I would like to think I have developed a bit more patience throughout the years, but I still have a long way to go. In terms of writing, I have been rather impatient lately—okay, more like forever! I want my novel edited and polished now. I want to complete a few short stories that have been buried in my files today. And I want to start sending more things out to agents and publishers now, now, now!
There is a fear inside of me that nags, “If you don’t send it soon, you’re going to miss the wave.” I write YA fiction like many other writers, and now it seems like YA is still hot, but by time I finish making my manuscript as “perfect” as it can be, then write the queries, the synopses, etc, etc … maybe I’ll be something like eighty years old and an agent will say, “You missed it, kid. YA was so early 21st century.” Alright, a bit of an exaggeration, but do you know what I’m saying?
In addition, I get impatient with myself. Being the mother of two very young children, sometimes finding the time (and energy) to write even two hours a day is quite a feat. For example, I set out weekdays to write for 2 hours a day while the kids are napping/resting, but by the time they are settled down, the house gets so quiet. It makes me so zonked that sometimes I say, “to heck with writing today!”

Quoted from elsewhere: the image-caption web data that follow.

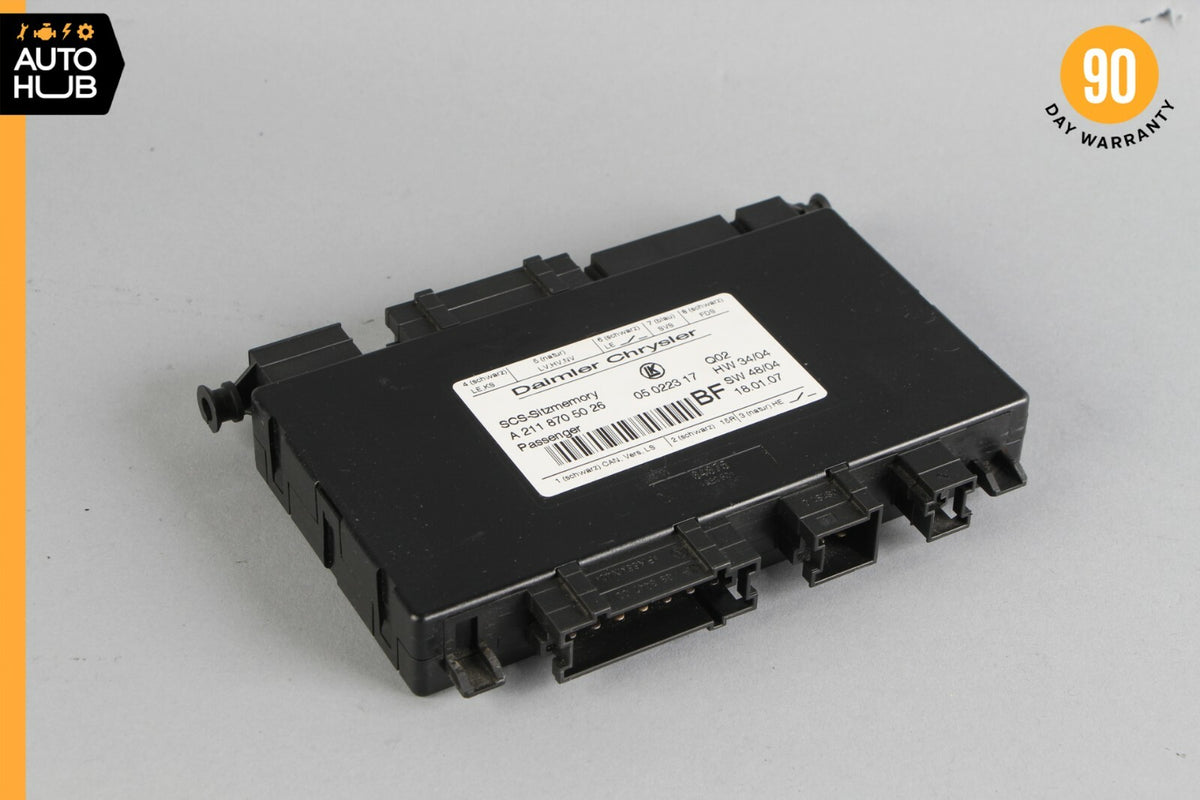 03-11 Mercedes W164 ML63 CLS550 ML350 Front Right Side Seat Control Module OEM - photo 1
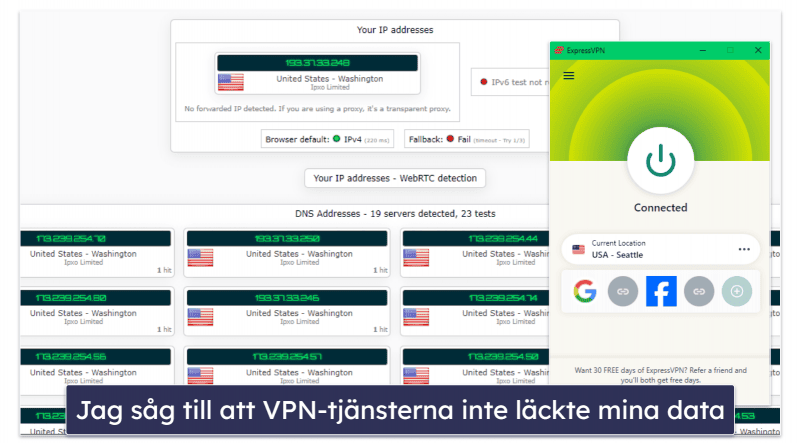 Testmetodik: Kriterier för jämförelse och ranking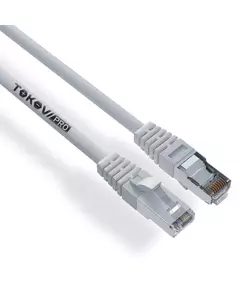Патч-корд кат.5E F/UTP 24 AWG LSZH 0.3м PRO TOKOV ELECTRIC TKP-PC06-5EF-CULSZH-030M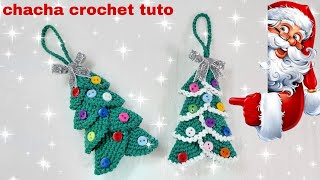 Tuto décoration de Noël  un sapin au crochet [upl. by Aiket]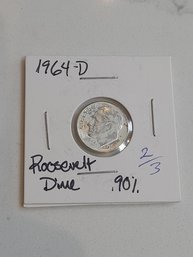 1964 D Roosevelt Dime 256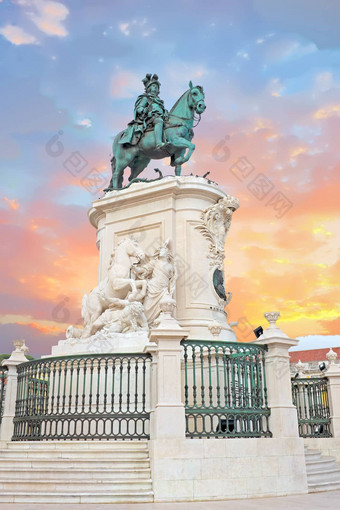 工作贸易雕像王穆里斯本葡萄牙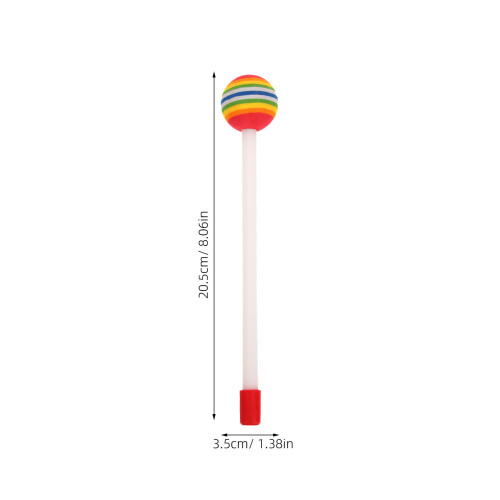 6Stk Kinder Lutscherform Schlagzeugstab Perkussionsinstrument Kunststoff 2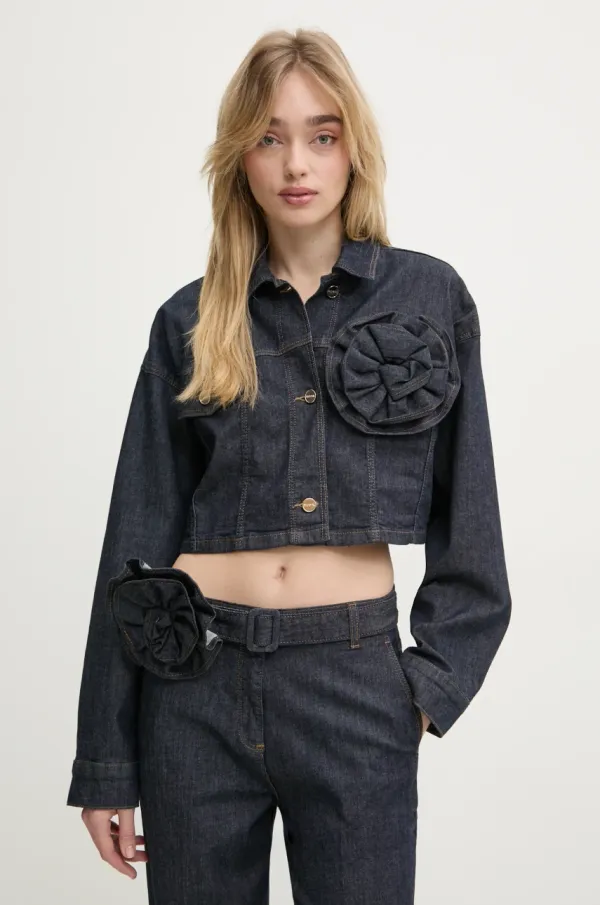 Blugirl Blumarine Traper jakna Blugirl Blumarine za žene, boja: tamno plava, za prijelazno razdoblje, oversize, RA5132.D4992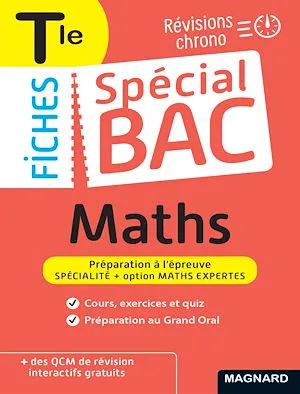 Spécial Bac Fiches Maths + Maths Expertes Tle Bac 2024, Tout le programme en 61 fiches, mémos, schémas-bilans, exercices et QCM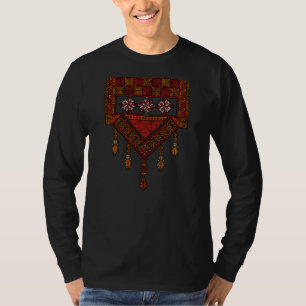 Palestinska tatreez Embroidery palestinska konst T Shirt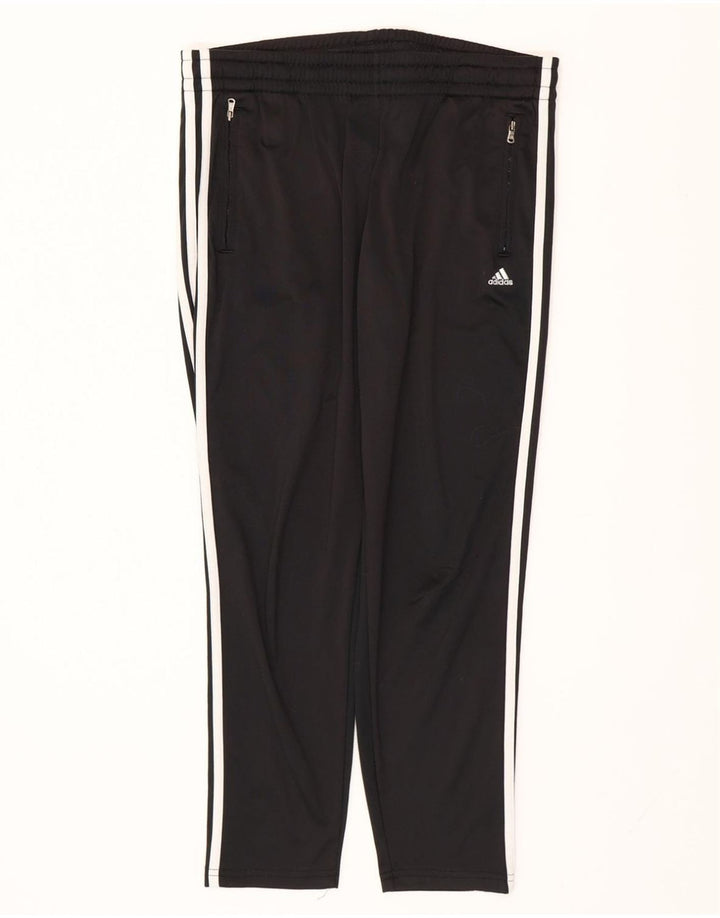 ADIDAS Mujer Climalite Chándal Pantalones UK 12 Mediano Negro Poliéster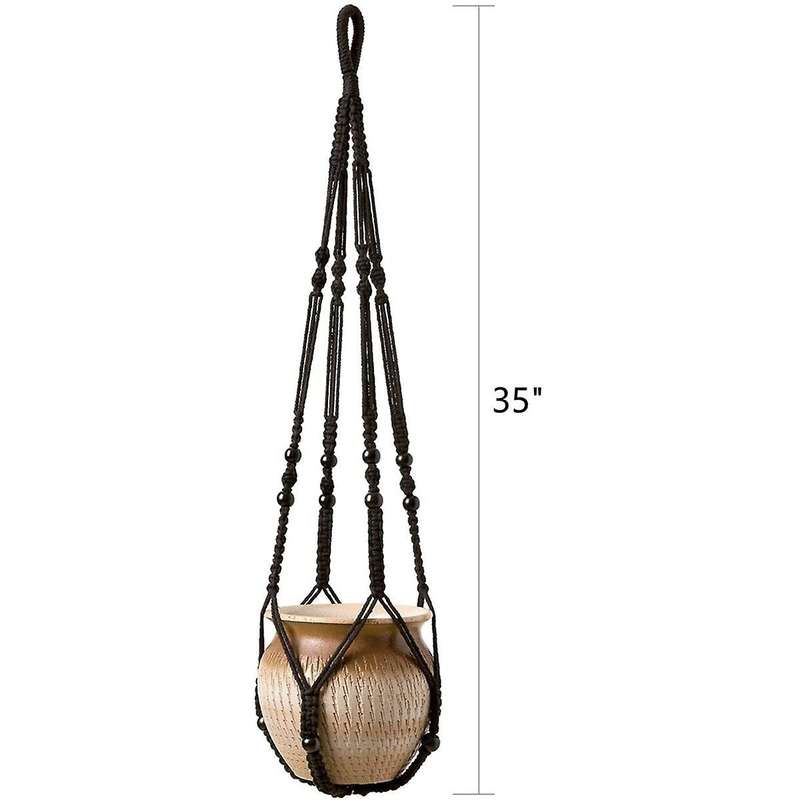 Plant Hook Indoor Hanging Flowerpot Basket Black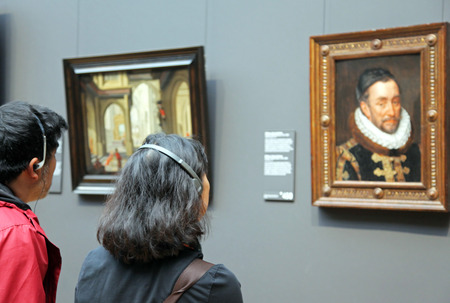 AMSTERDAM, NETHERLANDS - APRIL 3: Interior of Rijksmuseum in city Amsterdam on April 3, 2014 in Amsterdamのeditorial素材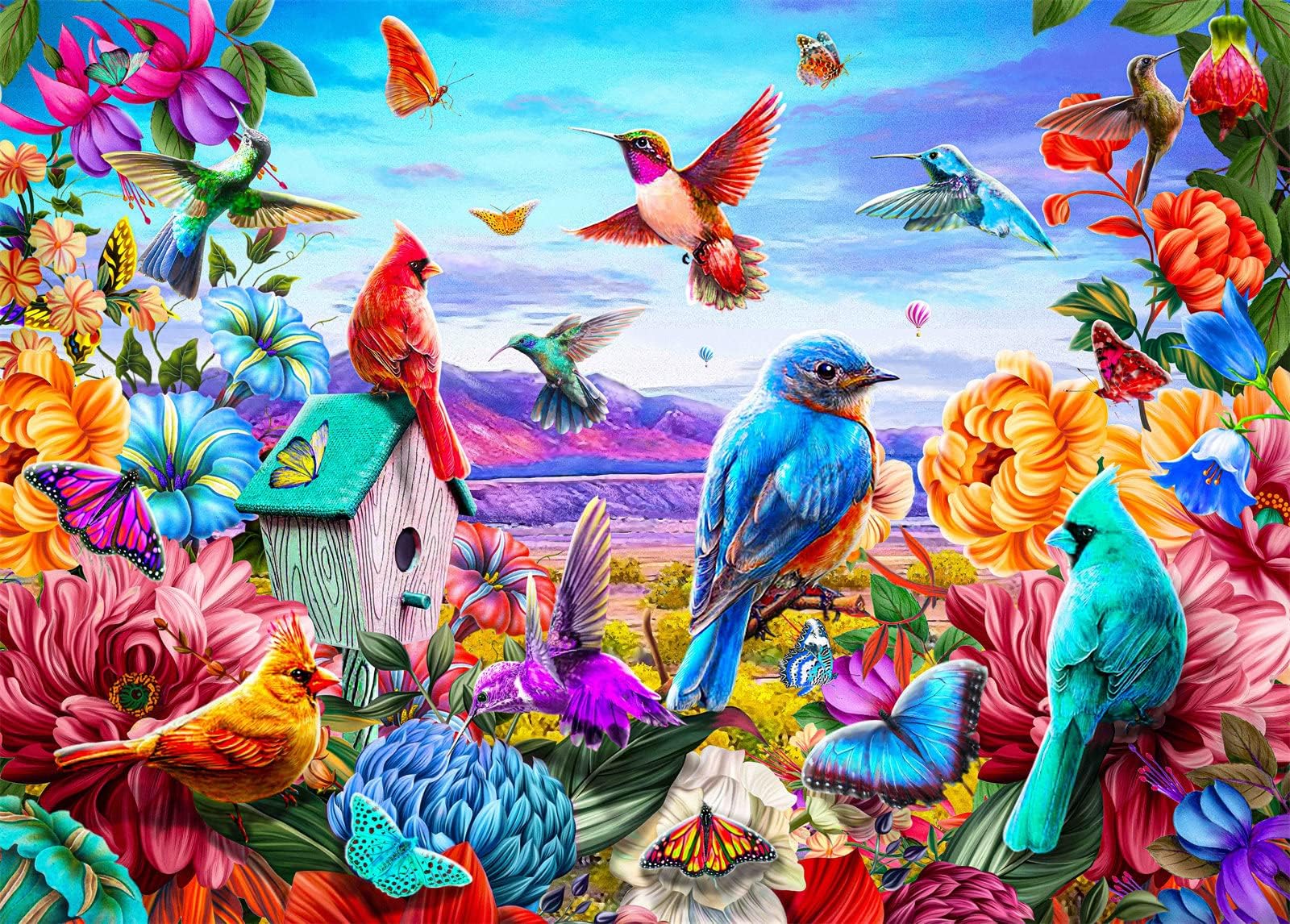 500 Piece Puzzles for mature-themeds Birds and Flowers Jjigsaw Puzzles 500 Pieces for mature-themeds 500 Piece Prime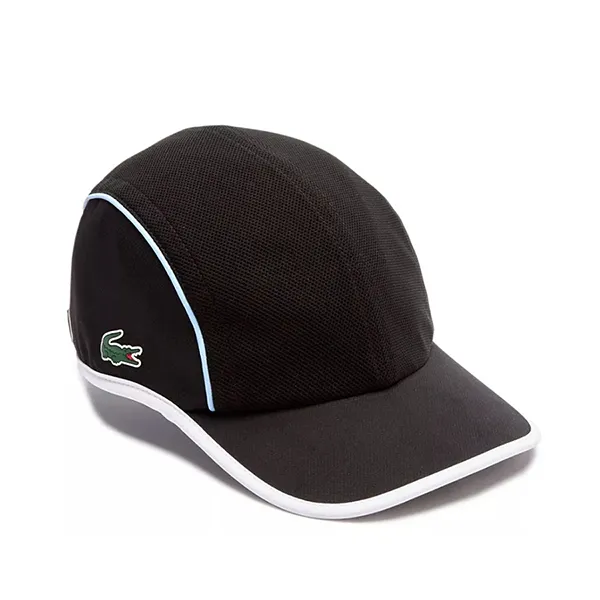 Mũ Nam Lacoste Men's Sport Mesh Panel Light Cap RK1076 CMS Màu Đen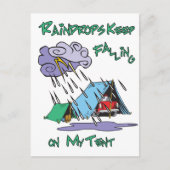 Raindrops-Camping Postkarte (Vorderseite)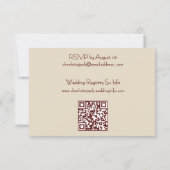 Elegant Romantic Rusty Rose Autumn Wedding RSVP Karte (Rückseite)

So I guess I’m confronting my impatience with respect to writing. I’ve realize that I cannot be so hard on myself when I have other responsibilities (important ones at that with children)! And personally, I would rather write one good book that I really did the best I could on, than plow through several that are not my best work, especially when I don’t have any set deadlines from a publisher (yet ;) This can only be achieved by patience.
Do you struggle with impatience at times?